Consequently, one of the biggest challenges of event-driven programming lies in managing the execution context represented as data. The main problem here is that the context data must somehow feed back into the control flow of the event-handler code so that each event handler can execute only the actions appropriate in the current context. Traditionally, this dependence on the context very often leads to deeply nested if-else constructs that direct the flow of control based on the context data.
If you could eliminate even a fraction of these conditional branches (a.k.a. "spaghetti" code), the software would be much easier to understand, test, and maintain, and the sheer number of convoluted execution paths through the code would drop radically, typically by orders of magnitude.
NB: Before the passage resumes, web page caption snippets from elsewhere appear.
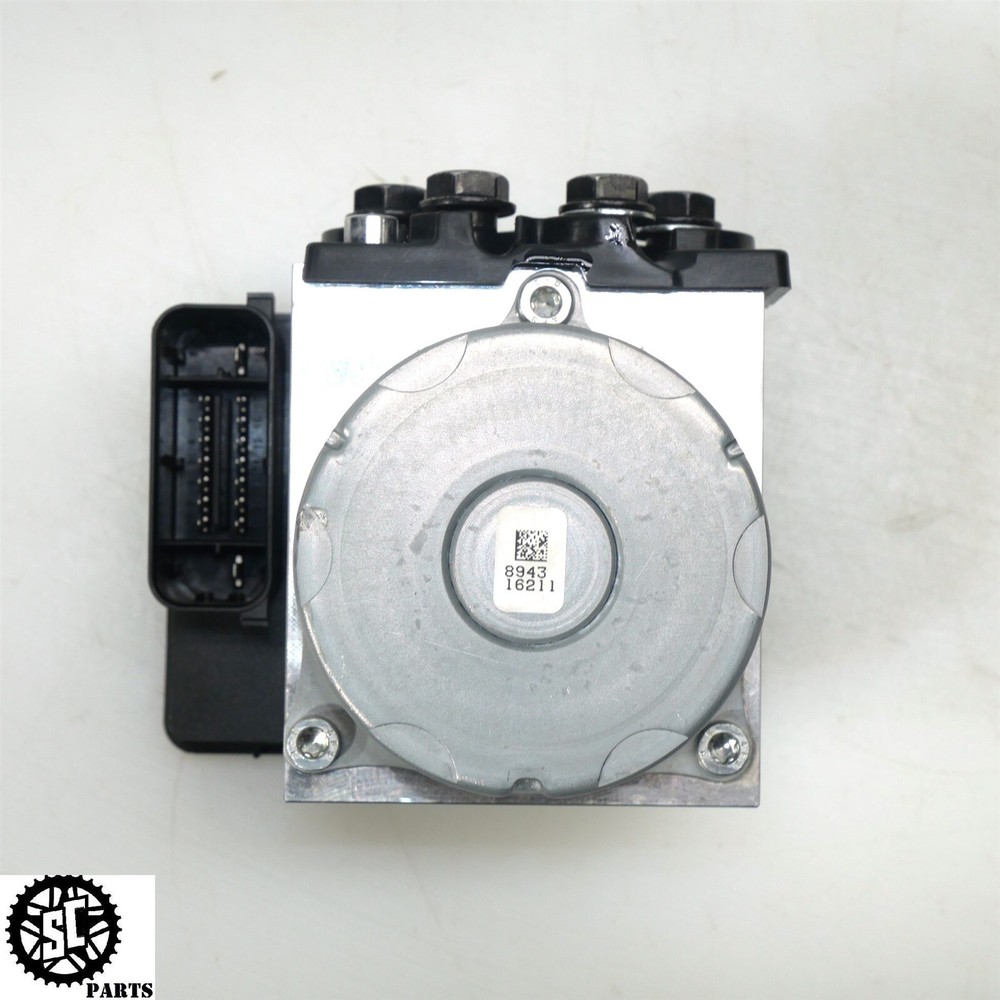 22-24 TRIUMPH TIGER 1200 GT EXPLORER ABS PUMP MODULE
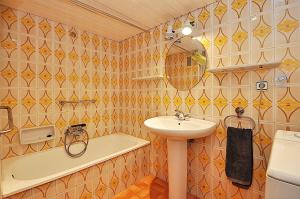 A041 Apartamento Aguamar Z-5E Apartamento Paseo Lloret de Mar
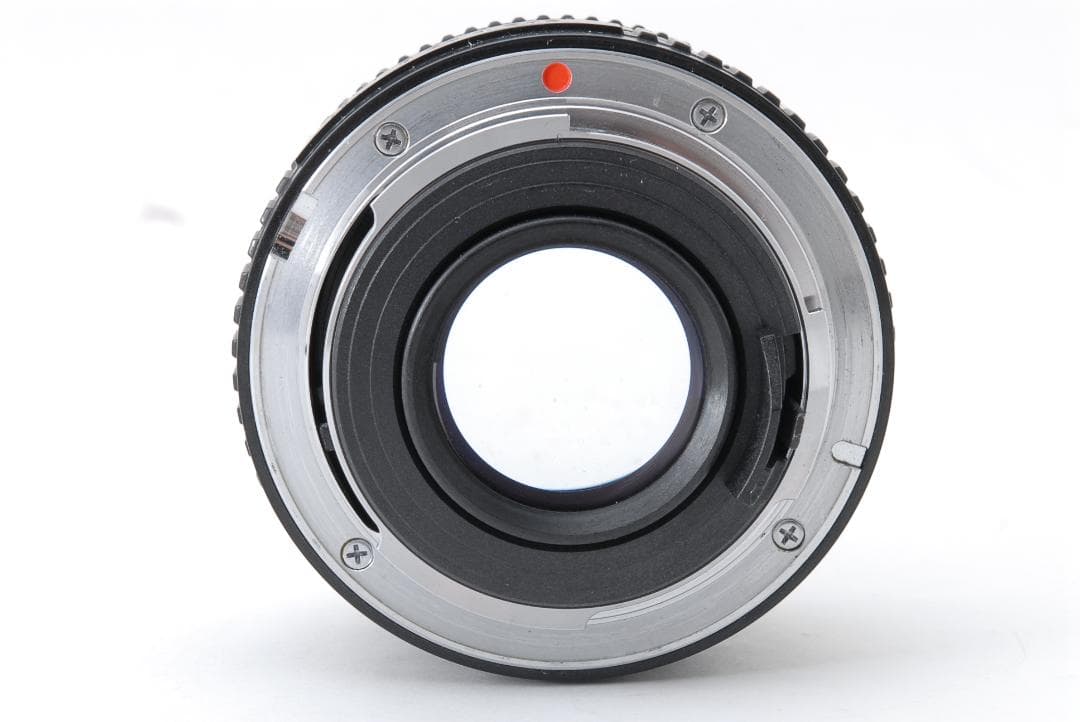 【美品】 RIKENON 50mm 1:2 リケノン リコーRICOH 希少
Techniques based on state machines are capable of achieving exactly this--a dramatic reduction of the different paths through the code and simplification of the conditions tested at each branching point.
In this article series, I briefly introduce UML state machines that represent the current state of the art in the long evolution of these techniques. My intention is not to give a complete, formal discussion of UML state machines, which the official OMG specification covers comprehensively and with formality.1 Rather, my goal in this article series is to lay a foundation by establishing basic terminology, introducing basic notation, clarifying semantics, and giving some code examples. This series is restricted to only a subset of those state machine features that are arguably most fundamental. The emphasis is on the role of UML state machines in practical, everyday programming rather than mathematical abstractions.